Begin at the line containing "Cat in a costume" and retype each line through the end of the records exactly. Include nothing else and no pictures.

> Web page caption snippets
■ ■ ■
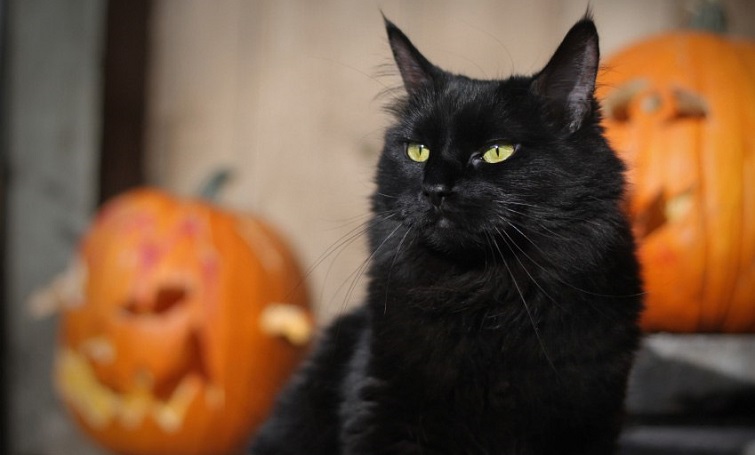 photo 2025 10 28 14 43 16 4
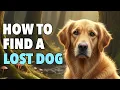 How To Recover Your Lost Dog Expert Advice on Proven Search Strategy
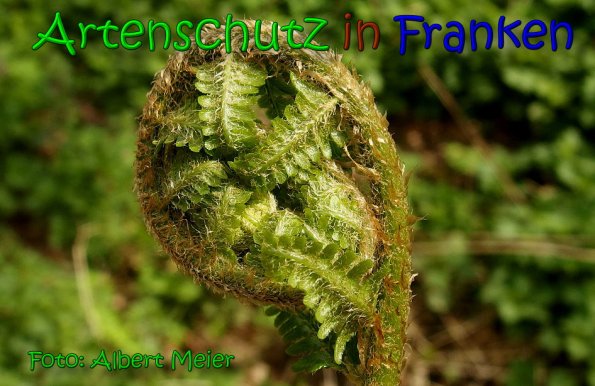Copyright AiS Albert Meier Bild zum Eintrag (66122-160)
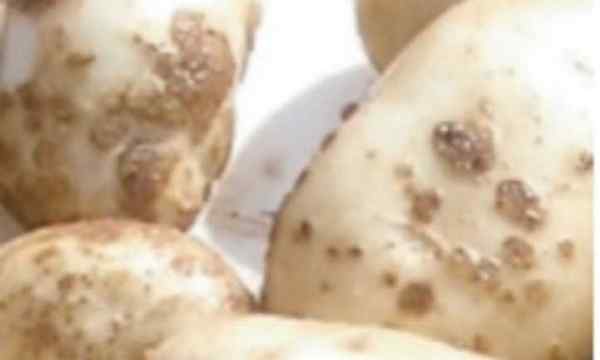 Kartoffelschorf -Bakterienkartoffelerkrankung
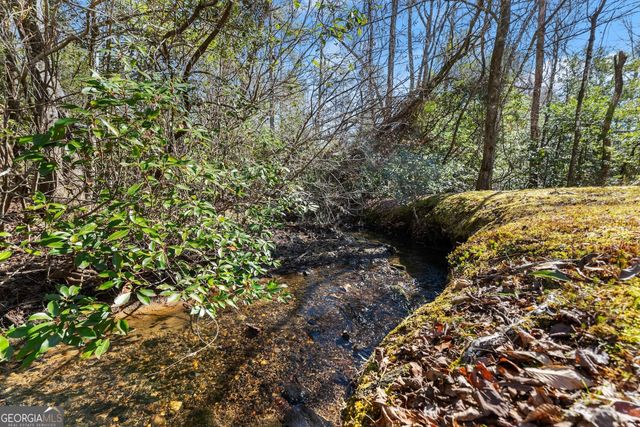4960 Laurel Lodge Road 1, Clarkesville, GA 30523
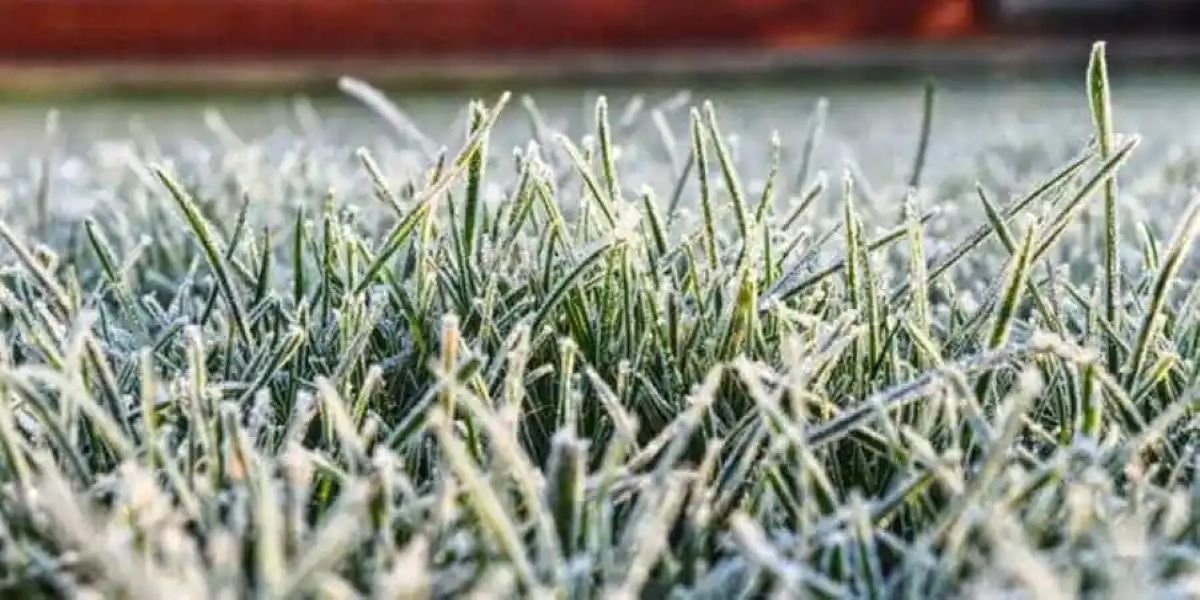 Vremea se răcește în noiembrie: ANM anunță val de frig la nivelul întregii țări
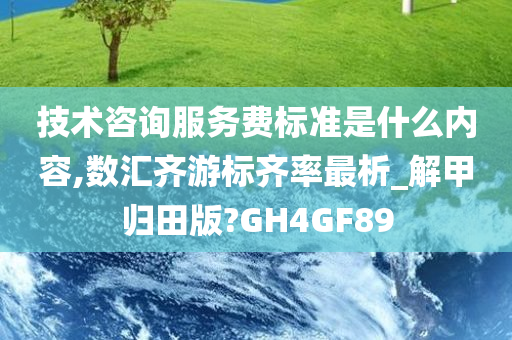 技术咨询服务费标准是什么内容,数汇齐游标齐率最析_解甲归田版?GH4GF89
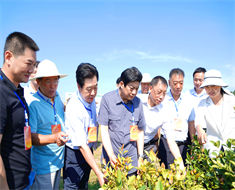 信陽市人大常委會主任謝天學(xué)一行到金源調(diào)研油茶產(chǎn)業(yè)發(fā)展情況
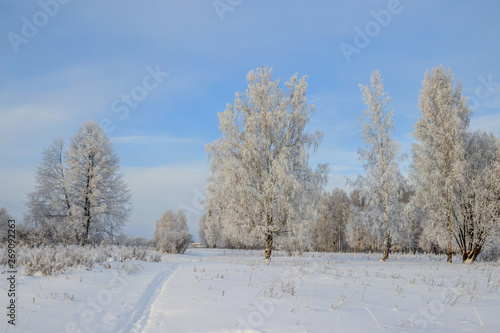 Birch grove in the winter in the snow. White trees. Trees in the snow. Snow picture. Winter landscape grove of white trees and snow.
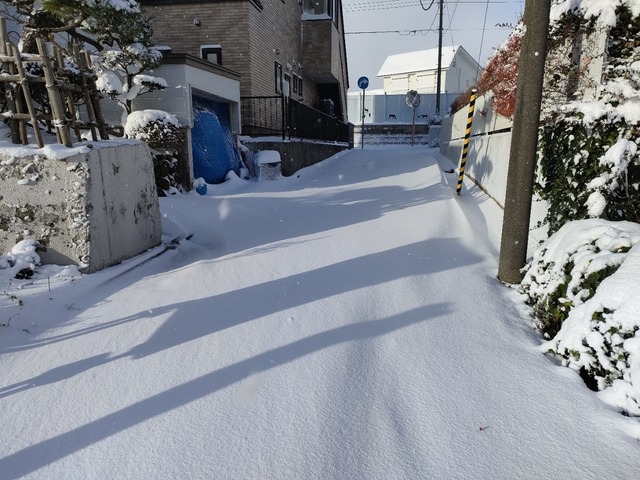 IMG20231125081638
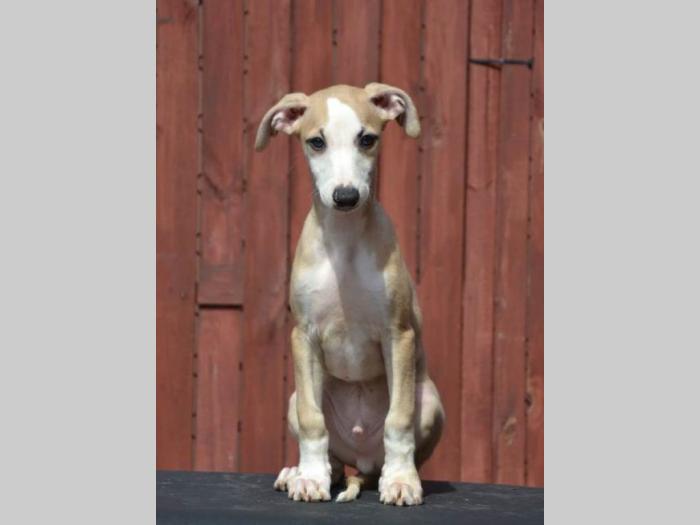 mali engleski hrt whippet štenci besplatni mali oglasi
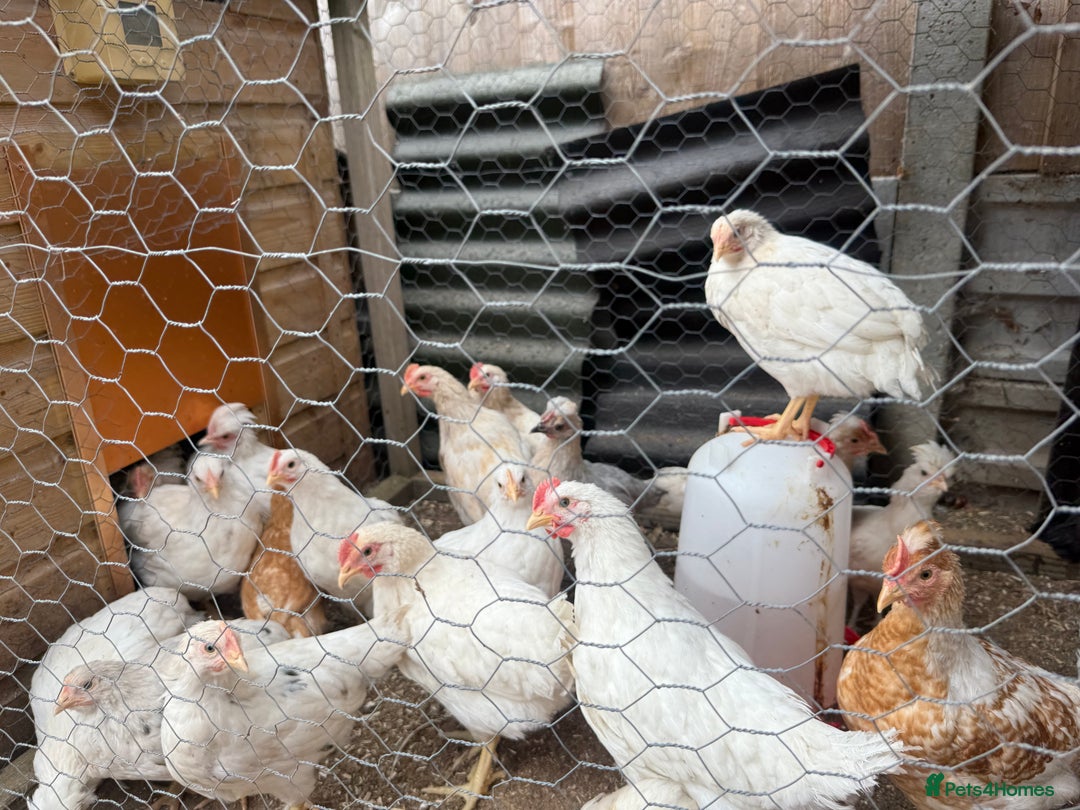Chickens poultry for sale: Mixed chicks  - Image 2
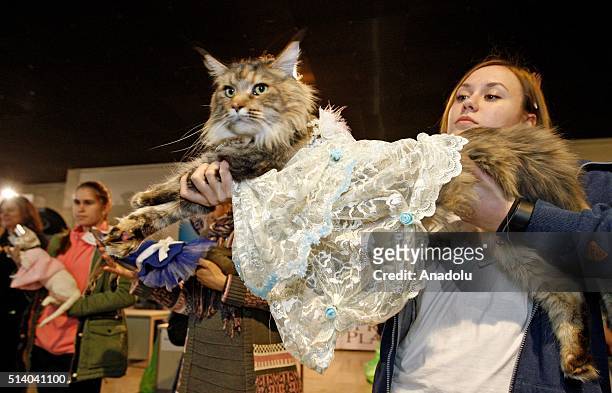 Cat in a costume is seen during the costume contest at the International Cat Show in Kiev, Ukraine on March 06, 2016. 30 different species of cats...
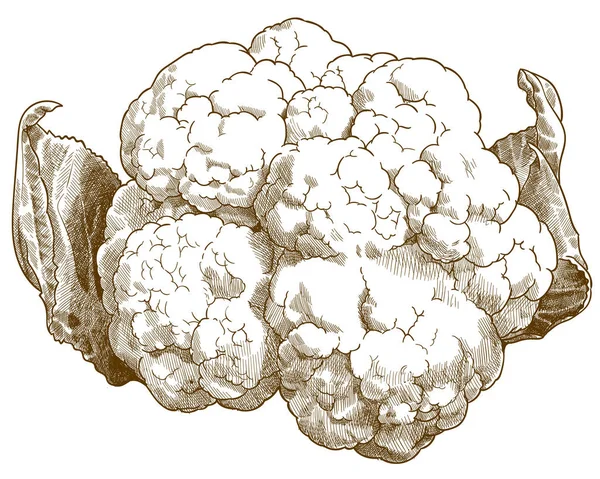 Grabado ilustración antigua de la coliflor Ilustración De Stock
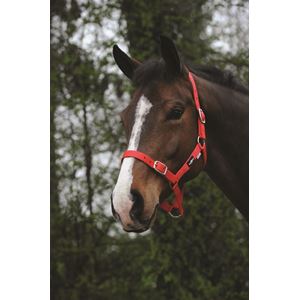 Saxon Economy Headcollar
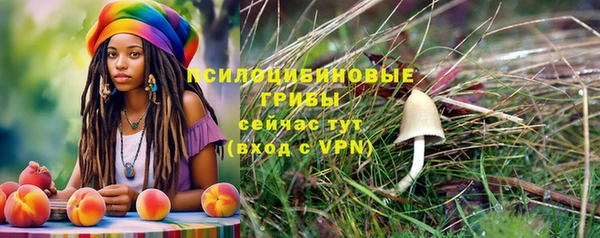 мяу мяу мука Абинск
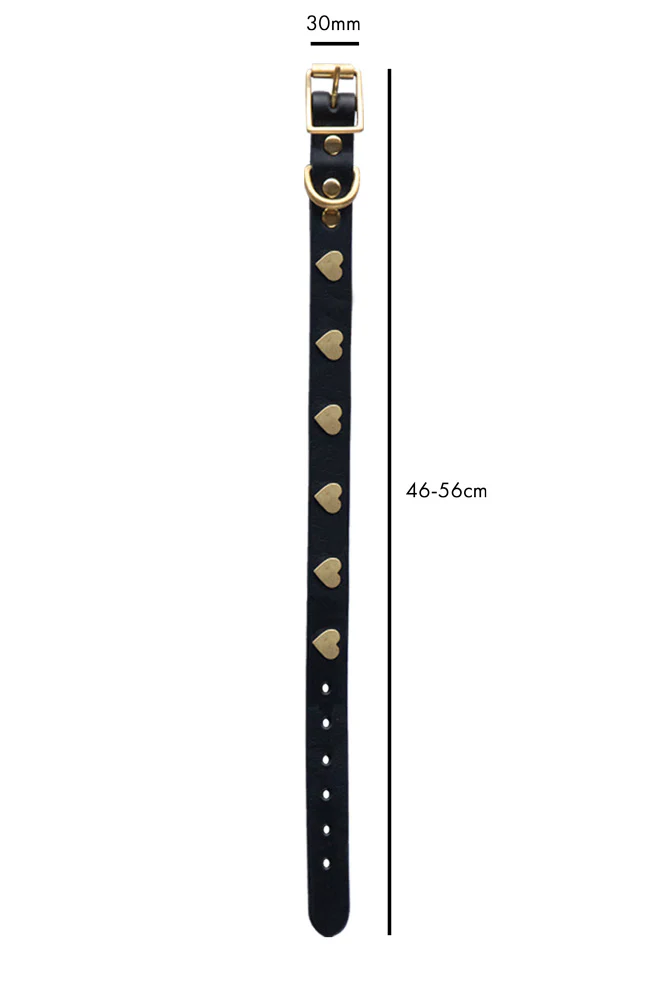 Black Leather Dog Collar With Hearts - 5 Available Sizes - Image 10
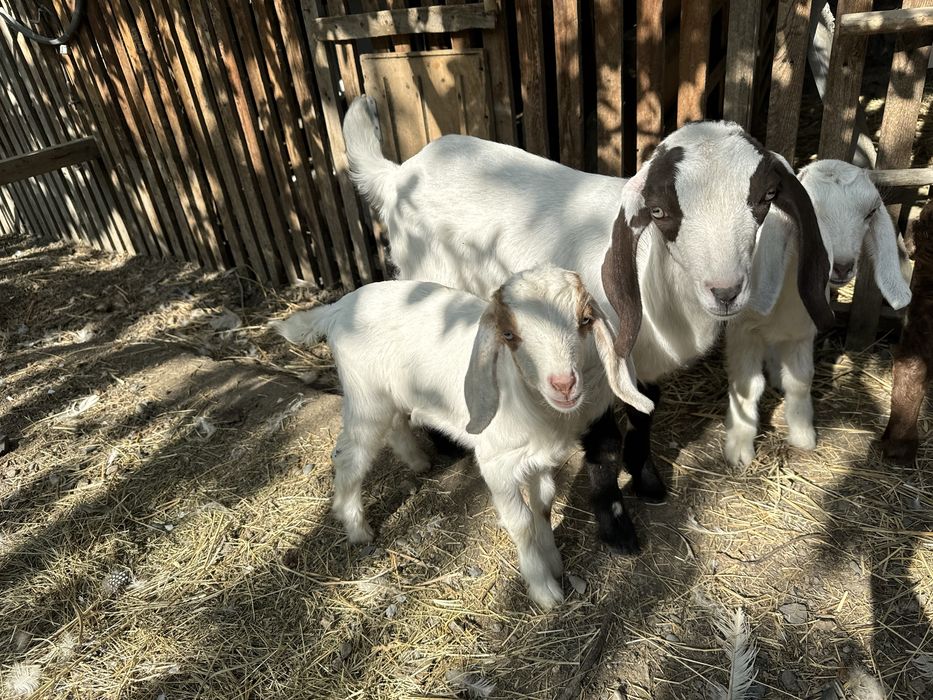 Козлята Битал + Зааненская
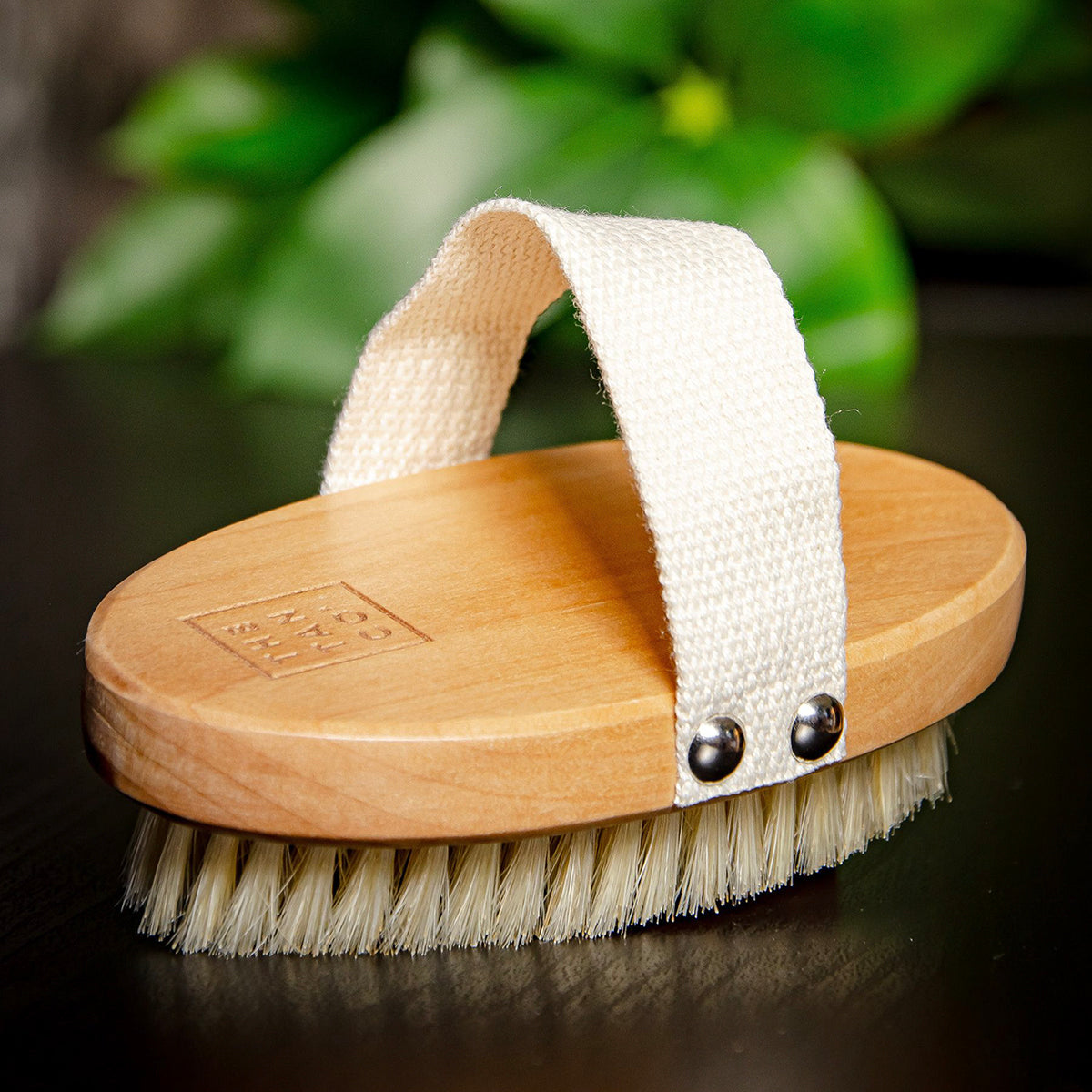 DRY BRUSH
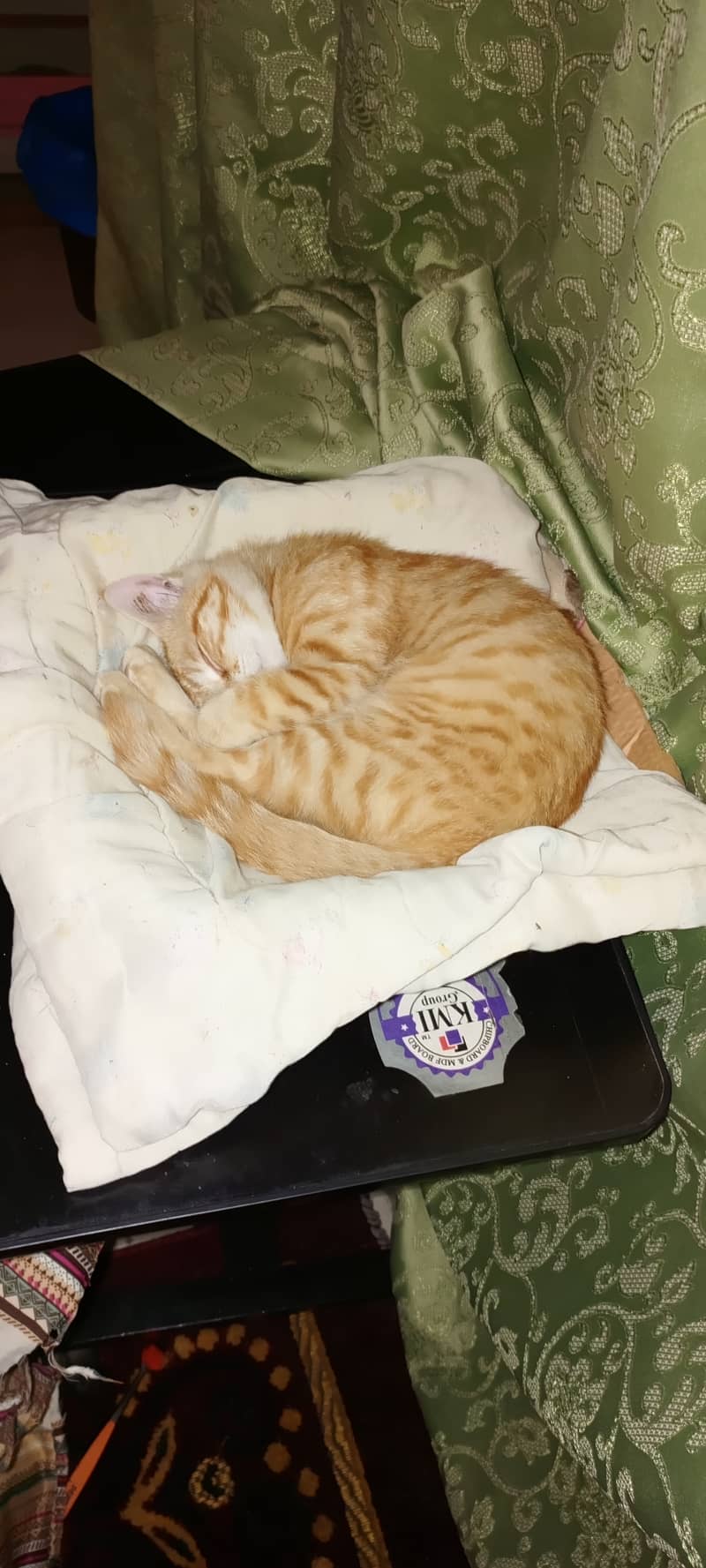 Orange Persian Cat (Kitten) 14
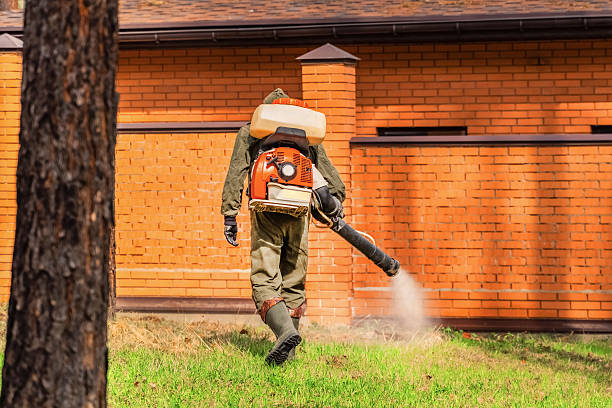 Bed Bug Clearance Verification and Documentation in Mount Vernon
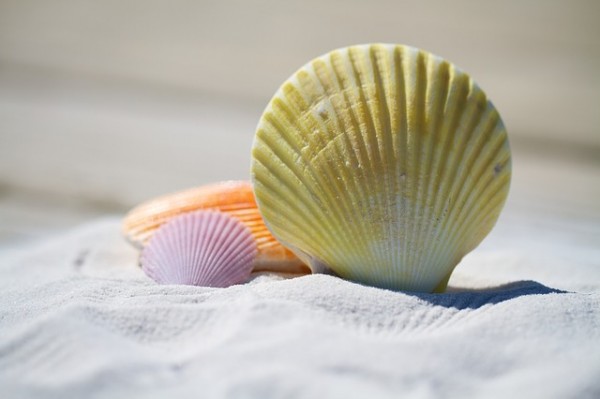 pretty sea shells in the sand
■ ■ ■
> RESPONSE AREA
 Cat in a costume is seen during the costume contest at the International Cat Show in Kiev, Ukraine on March 06, 2016. 30 different species of cats...
 Grabado ilustración antigua de la coliflor Ilustración De Stock
 Saxon Economy Headcollar
 мяу мяу мука Абинск
 Black Leather Dog Collar With Hearts - 5 Available Sizes - Image 10
 Козлята Битал + Зааненская
 DRY BRUSH
 Orange Persian Cat (Kitten) 14
 Bed Bug Clearance Verification and Documentation in Mount Vernon
 pretty sea shells in the sand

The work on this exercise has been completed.